We have shown that HGT is increased under SMG compared to 1G. The transfer of AMR genes, which were tracked by PCR, occurred in the absence of selective pressure by antibiotics. This transfer led to functional changes, as the acquisition of the two AMR genes, bla_OXA-500 and ISAba1, that were tracked in the four strains of S. aureus, made them resistant to oxacillin, to which they were previously susceptible. These results have significant implications for long-duration space missions because pathogens that are susceptible to antibiotics could become resistant and thus harder to treat.
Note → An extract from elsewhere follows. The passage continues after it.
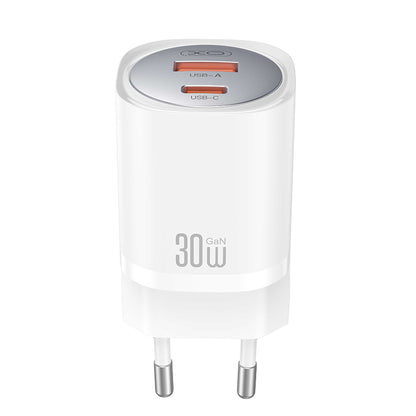 Polnilnik omrežja XO Design CE21, 30W, 3A, 1 x USB-A - 1 x USB-C, Bel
In addition, even if astronauts are screened for problematic microbes prior to flight, issues could still arise, as commensals are known to act as reservoirs for AMR genes that can be disseminated to (opportunistic) pathogens [22,23,24]. For example, a study conducted in a hospital in the Netherlands showed that mecA gene transfer occurred in a patient between mecA⁺ S. epidermidis and a mecA⁻ strain of S. aureus [25].
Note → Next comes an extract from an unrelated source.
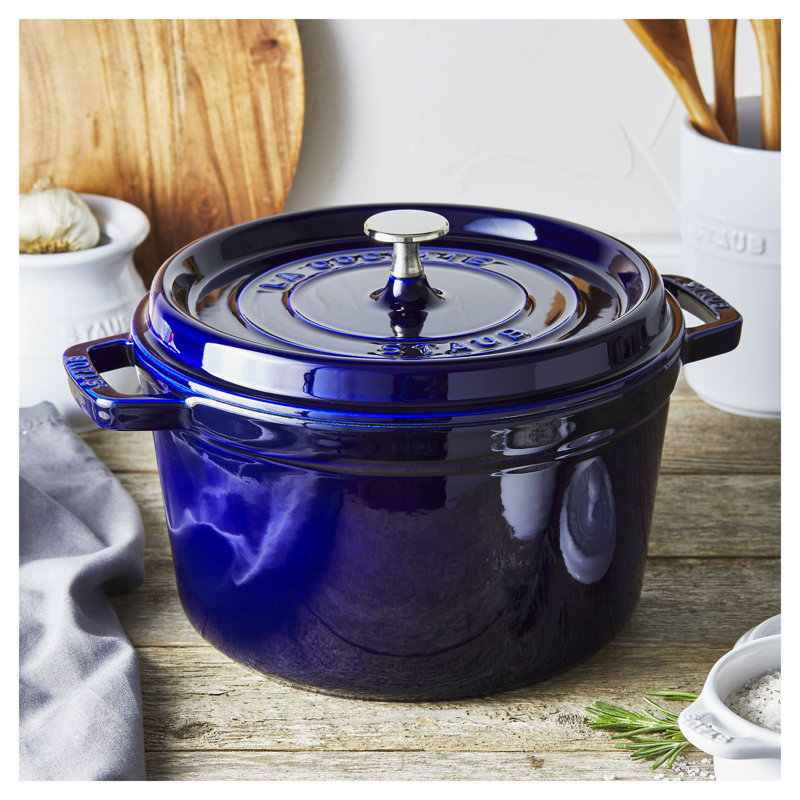 Staub Cast Iron 5-qt Tall Cocotte, Blue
It was beyond the scope of the study to determine the cause of the increased HGT that was observed, but one mechanism could be increased competence, allowing for transformation to occur, one of three modes of gene transfer. Competence allows bacterial cells to uptake DNA from its environment and increase the response to different stressors [26,27,28,29]. In this case, naked DNA released from dead A. pittii cells could have been readily taken up by S. aureus when exposed to SMG due to an increase in its competence. While S. aureus is not classically considered to be naturally competent, as Streptococcus pneumoniae and Bacillus subtilis are, it does harbor genes that are involved in competence and thought to promote natural competence under the right conditions [30,31]. The conditions that S. aureus needs are not yet known, but, similar to other bacteria, it could be an adverse environment. Indeed, when S. aureus cells were subjected to heat-shock, cold-shock and the stringent response, there was increased expression of competence gene orthologs compared to the non-stressed conditions [32]. In S. pneumoniae and B. subtilis, competence confers a survival advantage when cells are subjected to stress [33,34], so there is a possibility that growth under SMG led to an adverse environment for S. aureus, causing cells to become more competent to increase survival. Conjugation is a less likely scenario since, consistent with what others have documented in the literature, bla_OXA-500 is located on the chromosome and not a plasmid. A second mechanism could be increased transduction caused by growth under SMG. Transduction is the transfer of genetic material via bacterial phages. It is well known that prophage activity is increased during stress, leading to increased phage production, helping the host survive these adverse conditions [35,36].

5. Conclusions

This paper describes, for the first time, the effects of SMG on HGT and has shown that it is increased in SMG compared to 1G. If the same trend is observed on the ISS, this will have a significant impact on how we view bacterial interactions in space and its effects on astronaut health. The next steps would be to elucidate the mechanisms behind the HGT, to develop appropriate countermeasures for long-duration space missions.